The first step defines the standards, a priori, for minimally qualified and best-qualified applications that are eligible for funding, and operationalizes them as passing scores. The second step assesses the inter-reviewer reliability between application reviewers. This establishes the congruence between reviewers in their understanding and ratings of applications. The third step assesses the factorial validity of the selection criteria, which evaluates the extent to which they accurately reflect the underlying common constructs or dimensions. The final step assesses the measurement reliability of the grant scores.

Background

CNCS is the federal agency for domestic civilian national service, funding programs such as AmeriCorps, Senior Corps, and the Social Innovation Fund. RSVP is one of the three major Senior Corps programs, and one of the largest volunteer programs targeting senior citizens in the US, offering a diverse range of volunteer activities serving communities across the country. In fiscal year 2013, RSVP engaged over 274,500 volunteers who served in more than 38,000 community organizations, with an annual federal appropriation of over $47 million. RSVP provided independent living services to 610,000 adults, respite services to nearly 15,000 family or informal caregivers and mentored more than 87,000 children (CNCS 2013a, b, c). RSVP volunteers serve with commitments ranging from a few hours to 40 h per week. RSVP grantees receive funding for the recruitment, placement, and coordination of volunteers ages 55 and older in a specified geographic area in which they are the sole RSVP program.

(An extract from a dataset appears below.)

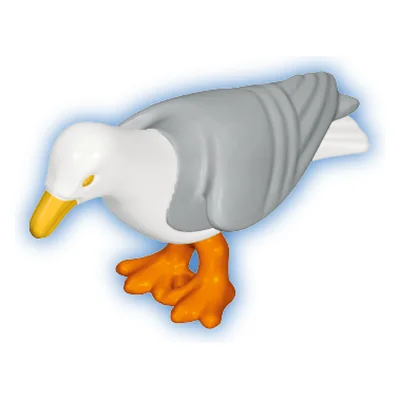 Möwe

RSVP grants are awarded based on geographic funding areas, and CNCS issues only one RSVP grant in each area. After being initially competitively awarded in 1971, until 2013 RSVP grants were non-competitively renewed. The 2009 Edward M. Kennedy Serve America Act (Serve America Act) authorized CNCS to use a competitive process to award RSVP grants from fiscal years 2013 through 2015. This analysis focuses on the review that took place for the 2013 funding year, involving awards previously granted to 240 incumbent RSVP grantees whose grant cycle would end in 2013 (36 % of the then active RSVP grant portfolio).

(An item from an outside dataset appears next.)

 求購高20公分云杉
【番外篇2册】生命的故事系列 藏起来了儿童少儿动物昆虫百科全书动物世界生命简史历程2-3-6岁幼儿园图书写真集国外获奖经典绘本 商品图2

Prior to initiating the grant competition, Senior Corps engaged with current grantees to provide feedback on competition planning and issued updated RSVP program regulations. Senior Corps staff provided additional technical assistance and training to all incumbent grantees as required by the Serve America Act, including providing them a customized evaluation in advance of the competition to identify strengths, challenges, and training and technical assistance needs, and also included stakeholder input (Senior Corps 2010). Details of the award process and instructions to applicants were published in the 2013 RSVP Notice of Funding Opportunity (henceforth, 2013 Notice) (CNCS 2012).

Grant Review Process

Grant reviewers rated applications on 23 selection criteria, listed in the “Appendix,” reflecting legislative and policy priorities in the following categories: Program Design, Organizational Capacity, and Cost Effectiveness and Budget Adequacy (CNCS 2013a, b, c). In developing the criteria, senior staff divided the three categories into 6 sub-categories that represented specific domains (see Table 1). The selection criteria were designed to reflect dimensions of each domain that could (1) be answered in an application (2) discriminate a strong applicant from a weak applicant, and (3) establish a minimum fundable score under which applicants represented an unacceptable level of programmatic and financial risk. All criteria but one were designed to be reviewed by a panel of external and internal reviewers. The remaining criterion, ‘National Performance Measure outcome work plans above the minimum 10 %,’ was automatically scored by the CNCS performance measurement data system. Reviewers could ask clarifying questions about this criterion but were instructed not to rate it.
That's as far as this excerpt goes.